New research by Nasa scientists has revealed that nearby glaciers began to flow up to eight times more quickly after the break-up of the Larsen B ice-shelf on the Antarctic Peninsula, which cast 500 billion tonnes of ice into the Weddell Sea two years ago.
The discovery suggests that global warming could bring significant rises in sea levels much more quickly than was generally thought, as inland glaciers course into the ocean at ever faster rates.
Larsen B, which covered 1,255 square miles, disintegrated over the course of 35 days in 2002 in an event attributed by most scientists to global warming. The Antarctic Peninsula has warmed by more than 2.5C (4.5F) over the past 50 years and the shelf’s neighbour, Larsen A, collapsed in 1995.

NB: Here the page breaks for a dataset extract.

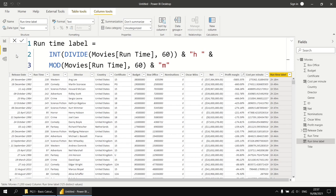So there you go — that's the basics of creating calculated columns in DAX. Over the next few videos, we'll introduce a few more functions and some other important concepts, so we hope you're looking forward to those. Thanks very much for watching.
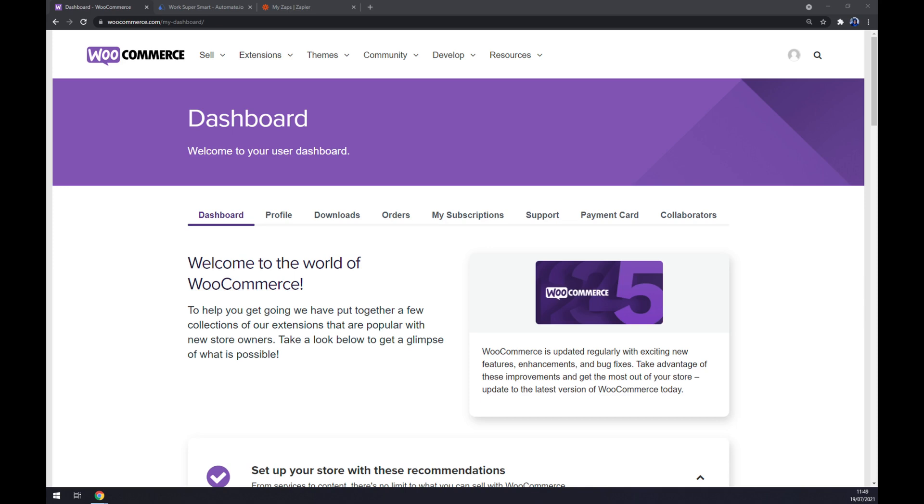Hello guys, my name is Matthew and in today's video I'm going to show you how you can integrate WooCommerce with QuickBooks. First things first, we have to create ourselves an account at WooCommerce or WordPress.com.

The break-up of the 650ft-thick shelf did not itself have an impact on the sea level, as it was already floating on the ocean, but experts predicted that it might remove a vital “brake” on the flow of onshore glaciers that would contribute to sea-level rise, were they to melt into the sea.
This effect has now been confirmed by two Nasa studies, which used satellite images to chart the flow of the region’s glaciers. Scientists compared a series of photographs of five glaciers taken in 2000, before the collapse of Larsen B, and again in 2003, tracking the movement of crevasses on their surface to calculate their speed of flow.
Both studies, details of which are published today in the journal Geophysical Review Letters, found evidence of sharp acceleration. The Hektoria, Green and Evans glaciers were flowing eight times faster in 2003 than in 2000, while the Jorum and Crane glaciers had doubled in speed by early 2003. All five glaciers are among those whose path to the sea was previously “blocked” by Larsen B.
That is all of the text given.